В его собственных писаниях постоянно возникали образные афористические формулы — лейтмотивы, к которым он снова и снова возвращался. В истории его любви к кузине лейтмотивом первой части был образ: кусок льда, который можно растопить, прижав к сердцу. А безнадежный исход этой любви рисовался в эпизоде с рукой, сожженной на свечке, рассказанном лапидарно, без единого лишнего слова, — тоже притча, хотя и не вымышленная.
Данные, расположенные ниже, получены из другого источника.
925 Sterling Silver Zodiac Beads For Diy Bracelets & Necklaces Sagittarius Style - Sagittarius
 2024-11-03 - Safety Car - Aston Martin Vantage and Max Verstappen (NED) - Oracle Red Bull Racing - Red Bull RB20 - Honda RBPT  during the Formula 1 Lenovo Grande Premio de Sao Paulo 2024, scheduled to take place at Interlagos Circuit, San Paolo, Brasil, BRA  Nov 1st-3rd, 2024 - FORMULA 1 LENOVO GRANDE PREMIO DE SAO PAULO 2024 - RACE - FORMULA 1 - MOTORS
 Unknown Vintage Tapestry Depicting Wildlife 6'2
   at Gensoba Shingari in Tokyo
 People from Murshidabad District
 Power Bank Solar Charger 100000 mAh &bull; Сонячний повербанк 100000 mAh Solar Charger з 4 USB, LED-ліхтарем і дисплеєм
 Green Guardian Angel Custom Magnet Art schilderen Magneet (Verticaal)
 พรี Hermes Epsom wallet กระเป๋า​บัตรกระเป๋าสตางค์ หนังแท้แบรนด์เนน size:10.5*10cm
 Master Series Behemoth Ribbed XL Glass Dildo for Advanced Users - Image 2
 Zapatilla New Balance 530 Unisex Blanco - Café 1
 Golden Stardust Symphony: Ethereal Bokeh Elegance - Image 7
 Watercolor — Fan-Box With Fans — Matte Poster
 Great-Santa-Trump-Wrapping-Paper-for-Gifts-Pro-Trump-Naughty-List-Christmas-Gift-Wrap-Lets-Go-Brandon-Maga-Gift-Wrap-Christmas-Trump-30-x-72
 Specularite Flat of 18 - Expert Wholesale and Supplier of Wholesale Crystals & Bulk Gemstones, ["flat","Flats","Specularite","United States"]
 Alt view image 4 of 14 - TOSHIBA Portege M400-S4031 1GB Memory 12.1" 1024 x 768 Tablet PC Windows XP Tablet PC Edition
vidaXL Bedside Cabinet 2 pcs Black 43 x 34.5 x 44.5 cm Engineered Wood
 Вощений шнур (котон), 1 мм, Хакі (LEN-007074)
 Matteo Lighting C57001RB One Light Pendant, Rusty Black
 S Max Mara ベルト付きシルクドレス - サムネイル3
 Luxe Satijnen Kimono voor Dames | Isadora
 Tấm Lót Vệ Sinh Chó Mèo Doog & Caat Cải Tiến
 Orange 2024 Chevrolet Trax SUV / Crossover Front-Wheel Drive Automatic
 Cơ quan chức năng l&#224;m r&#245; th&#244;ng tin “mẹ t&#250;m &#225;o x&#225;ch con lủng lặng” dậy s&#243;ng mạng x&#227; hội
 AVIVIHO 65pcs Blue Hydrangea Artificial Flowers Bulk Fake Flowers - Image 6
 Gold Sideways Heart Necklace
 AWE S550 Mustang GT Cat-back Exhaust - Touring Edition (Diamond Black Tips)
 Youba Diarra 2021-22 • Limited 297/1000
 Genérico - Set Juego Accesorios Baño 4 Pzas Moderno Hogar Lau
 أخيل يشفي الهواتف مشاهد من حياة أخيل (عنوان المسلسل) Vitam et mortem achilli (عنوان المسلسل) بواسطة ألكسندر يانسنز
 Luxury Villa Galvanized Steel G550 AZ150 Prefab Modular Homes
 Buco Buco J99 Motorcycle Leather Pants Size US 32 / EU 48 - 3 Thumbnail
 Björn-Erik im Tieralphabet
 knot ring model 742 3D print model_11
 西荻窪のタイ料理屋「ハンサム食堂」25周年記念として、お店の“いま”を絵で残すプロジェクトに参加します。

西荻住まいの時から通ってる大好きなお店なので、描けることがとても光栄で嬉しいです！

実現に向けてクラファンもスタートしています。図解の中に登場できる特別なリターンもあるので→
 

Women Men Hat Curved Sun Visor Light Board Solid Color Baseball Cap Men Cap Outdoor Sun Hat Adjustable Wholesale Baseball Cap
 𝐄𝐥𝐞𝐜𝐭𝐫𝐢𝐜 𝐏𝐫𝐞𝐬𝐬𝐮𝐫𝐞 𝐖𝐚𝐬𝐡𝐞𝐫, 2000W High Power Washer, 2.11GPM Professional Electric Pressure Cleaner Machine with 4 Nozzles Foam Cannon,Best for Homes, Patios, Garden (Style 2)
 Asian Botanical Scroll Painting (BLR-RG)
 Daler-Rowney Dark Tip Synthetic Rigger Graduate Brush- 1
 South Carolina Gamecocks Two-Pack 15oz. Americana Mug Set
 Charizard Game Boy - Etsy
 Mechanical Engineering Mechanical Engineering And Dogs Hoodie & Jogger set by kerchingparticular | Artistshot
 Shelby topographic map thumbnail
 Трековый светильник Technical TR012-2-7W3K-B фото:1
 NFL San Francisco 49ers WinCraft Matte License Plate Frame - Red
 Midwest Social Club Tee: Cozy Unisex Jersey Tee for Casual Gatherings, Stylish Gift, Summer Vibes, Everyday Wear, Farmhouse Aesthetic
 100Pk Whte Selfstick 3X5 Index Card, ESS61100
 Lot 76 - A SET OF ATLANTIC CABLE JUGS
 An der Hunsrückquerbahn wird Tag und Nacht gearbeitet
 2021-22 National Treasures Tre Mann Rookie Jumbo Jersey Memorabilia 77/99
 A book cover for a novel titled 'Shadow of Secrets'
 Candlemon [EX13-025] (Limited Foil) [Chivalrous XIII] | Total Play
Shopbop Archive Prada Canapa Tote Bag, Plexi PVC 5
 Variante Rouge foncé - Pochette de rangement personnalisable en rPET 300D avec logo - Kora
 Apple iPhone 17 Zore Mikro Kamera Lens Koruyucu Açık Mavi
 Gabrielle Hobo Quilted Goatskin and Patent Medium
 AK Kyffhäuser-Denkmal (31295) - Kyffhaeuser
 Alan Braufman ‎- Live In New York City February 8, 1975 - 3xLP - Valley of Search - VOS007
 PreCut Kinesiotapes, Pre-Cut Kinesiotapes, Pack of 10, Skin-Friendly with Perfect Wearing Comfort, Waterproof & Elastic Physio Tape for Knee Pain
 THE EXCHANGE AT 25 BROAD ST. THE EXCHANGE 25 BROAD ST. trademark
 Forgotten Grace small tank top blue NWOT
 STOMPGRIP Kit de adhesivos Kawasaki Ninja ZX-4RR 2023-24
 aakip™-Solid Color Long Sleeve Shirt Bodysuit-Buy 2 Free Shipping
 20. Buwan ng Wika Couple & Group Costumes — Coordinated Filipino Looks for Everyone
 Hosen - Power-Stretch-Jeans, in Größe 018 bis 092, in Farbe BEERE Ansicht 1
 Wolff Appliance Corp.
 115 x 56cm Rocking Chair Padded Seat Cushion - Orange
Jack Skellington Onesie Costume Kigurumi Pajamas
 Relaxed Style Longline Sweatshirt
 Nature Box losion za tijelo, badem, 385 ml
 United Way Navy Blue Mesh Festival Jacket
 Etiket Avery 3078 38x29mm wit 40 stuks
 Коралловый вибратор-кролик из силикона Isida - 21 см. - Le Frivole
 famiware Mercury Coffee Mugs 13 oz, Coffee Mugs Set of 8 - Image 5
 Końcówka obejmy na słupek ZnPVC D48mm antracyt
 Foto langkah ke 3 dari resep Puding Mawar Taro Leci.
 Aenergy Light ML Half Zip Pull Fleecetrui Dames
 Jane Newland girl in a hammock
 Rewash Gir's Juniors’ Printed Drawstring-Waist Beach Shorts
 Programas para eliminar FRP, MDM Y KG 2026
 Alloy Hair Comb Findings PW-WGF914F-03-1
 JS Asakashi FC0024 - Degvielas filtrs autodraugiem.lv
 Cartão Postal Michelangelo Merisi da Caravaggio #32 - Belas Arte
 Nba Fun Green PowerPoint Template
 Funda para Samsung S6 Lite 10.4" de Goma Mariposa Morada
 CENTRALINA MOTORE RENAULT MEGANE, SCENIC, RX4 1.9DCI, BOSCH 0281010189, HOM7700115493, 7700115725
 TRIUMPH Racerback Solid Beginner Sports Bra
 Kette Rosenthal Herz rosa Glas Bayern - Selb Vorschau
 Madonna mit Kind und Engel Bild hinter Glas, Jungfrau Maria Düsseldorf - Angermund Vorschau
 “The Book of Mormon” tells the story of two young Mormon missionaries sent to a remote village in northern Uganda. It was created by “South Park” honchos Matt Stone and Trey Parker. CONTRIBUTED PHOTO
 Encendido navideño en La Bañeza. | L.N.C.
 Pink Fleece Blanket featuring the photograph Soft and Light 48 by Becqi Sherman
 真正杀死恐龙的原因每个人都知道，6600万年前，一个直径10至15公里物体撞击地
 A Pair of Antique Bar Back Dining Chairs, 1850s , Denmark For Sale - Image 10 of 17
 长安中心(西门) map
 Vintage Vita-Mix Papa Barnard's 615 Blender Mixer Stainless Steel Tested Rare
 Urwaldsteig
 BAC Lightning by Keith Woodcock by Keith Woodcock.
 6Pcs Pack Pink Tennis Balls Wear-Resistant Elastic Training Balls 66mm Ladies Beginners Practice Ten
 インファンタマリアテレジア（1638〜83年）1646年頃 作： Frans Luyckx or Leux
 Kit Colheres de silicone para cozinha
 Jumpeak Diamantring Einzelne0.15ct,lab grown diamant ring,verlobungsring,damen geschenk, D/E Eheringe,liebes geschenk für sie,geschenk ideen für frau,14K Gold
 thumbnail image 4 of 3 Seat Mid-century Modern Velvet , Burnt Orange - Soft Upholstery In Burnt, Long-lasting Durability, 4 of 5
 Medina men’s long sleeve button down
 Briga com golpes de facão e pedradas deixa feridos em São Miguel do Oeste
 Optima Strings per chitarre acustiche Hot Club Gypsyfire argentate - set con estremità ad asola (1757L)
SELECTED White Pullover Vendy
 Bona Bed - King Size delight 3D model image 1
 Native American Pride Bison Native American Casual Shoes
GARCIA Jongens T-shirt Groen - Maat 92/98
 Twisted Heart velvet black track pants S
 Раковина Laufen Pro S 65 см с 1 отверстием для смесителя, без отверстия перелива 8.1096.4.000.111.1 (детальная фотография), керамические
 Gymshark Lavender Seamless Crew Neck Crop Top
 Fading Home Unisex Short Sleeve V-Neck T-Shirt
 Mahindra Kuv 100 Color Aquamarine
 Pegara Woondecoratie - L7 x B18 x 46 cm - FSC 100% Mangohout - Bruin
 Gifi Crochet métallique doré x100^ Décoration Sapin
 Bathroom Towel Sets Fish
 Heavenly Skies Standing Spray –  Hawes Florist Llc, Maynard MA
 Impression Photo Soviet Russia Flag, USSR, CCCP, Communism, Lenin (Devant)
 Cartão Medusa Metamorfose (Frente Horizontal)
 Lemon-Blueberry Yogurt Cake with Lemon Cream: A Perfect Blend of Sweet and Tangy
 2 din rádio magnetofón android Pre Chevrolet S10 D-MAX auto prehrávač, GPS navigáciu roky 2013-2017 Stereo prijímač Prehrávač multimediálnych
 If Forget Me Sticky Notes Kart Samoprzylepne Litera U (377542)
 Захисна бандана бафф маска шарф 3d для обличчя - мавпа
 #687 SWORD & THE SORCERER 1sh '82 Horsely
Как в работе над картиной Ван Гог испытывал постоянную потребность определить для себя ее образную суть, доминанту — «что я хочу выразить», — так и, рассказывая, он искал какого-то ключевого определения или метафорического резюме, концентрирующего в себе смысл сказанного. «Друзья, будем любить то, что любим» — в этой «формуле» дан экстракт его рассуждений (в письмах к Раппарду) о миссии художника-реалиста, об искренности, самоотдаче, энтузиазме, риске. Тут же он сравнивает Раппарда и себя с еще неопытными рыбаками, выходящими в открытое море: «…мы еще не умеем вести судно и маневрировать так, как нам хотелось бы; но, если мы не потонем и не разобьемся о рифы в кипящих бурунах, мы станем хорошими моряками» (п. Р-5). Это уже развернутая метафора — может быть, не слишком оригинальная. Но Ван Гог просто не мог не прибегать к метафорам: нигде очевиднее не сказывается «писательский» склад его мышления. Среди его метафор и сравнений есть удивительные по свежести и смелости.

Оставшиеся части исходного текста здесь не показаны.